It goes without saying (especially ten years later) that Vampire Weekend’s divisiveness didn’t hurt their appeal one bit; they’re still one of the most popular indie bands in North America despite not having been active in nearly a half-decade, and when their long-awaited fourth album does arrive next year, the resounding commercial reaction will be as if they never left. The 1975 have found themselves in a similar place over the course of their career, too; since frontman Matty Healy and co. released their self-titled debut LP in 2013, they’ve amassed a massive global following that has grown with every year since, with younger audiences going absolutely nuts for their hybridic sound while other listeners — some critics, some normal people — were largely found scratching their heads.

During the NYC tour stop at the Barclays Center arena behind 2016’s mostly brilliant I Like It When You Sleep, For You Are So Beautiful Yet So Unaware Of It, the applause in between songs was loud enough to permanently damage hearing; that record also found a new group of critics getting on board with the band’s spiky and outrageous genre-blend — but plenty of skeptics remained unconvinced. Still, it seemed like the tide was primed to turn wholly to The 1975’s side this year, as the band launched a remarkable run of singles that led up to their fourth album, A Brief Inquiry Into Online Relationships, which sees release this week.

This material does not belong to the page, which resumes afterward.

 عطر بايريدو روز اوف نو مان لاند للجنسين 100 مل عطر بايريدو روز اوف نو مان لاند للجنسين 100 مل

After the clever, diaristic, vacuum-compressed pop-punk of “Give Yourself A Try,” there was “Love It If We Made It,” a towering generational anthem that took the best parts of Billy Joel’s “We Didn’t Start the Fire” and INXS’ “Mediate” and doused them in kerosene, leaving listeners with a gorgeous and passionate fire to set their own anxieties ablaze in. “TOOTIMETOOTIMETOOTIME” represented something of a global-pop breakthrough for the band, a delicious Afro-pop-inspired synth loop accompanying Healy’s musings on faithfulness in the age of Facetime; “Sincerity Is Scary” applied a jazzy, lighter touch to the holistic gospel-pop of I Like It When You Sleep‘s “If I Believe You,” while “It’s Not Living (If It’s Not With You)” bathed The 1975 in the soft-rock lighting that so often fits them like a knit cap, an ode to longing that doubled as a direct addressing of Healy’s struggles with heroin addiction (which he successfully completed a rehab stint for last year). The appeal of these singles were, on their face, obvious to anyone with a pair of ears, reaching people in the affirmative who felt left out in the cold by the band’s previous material. But does the other two-thirds of the album deliver similarly?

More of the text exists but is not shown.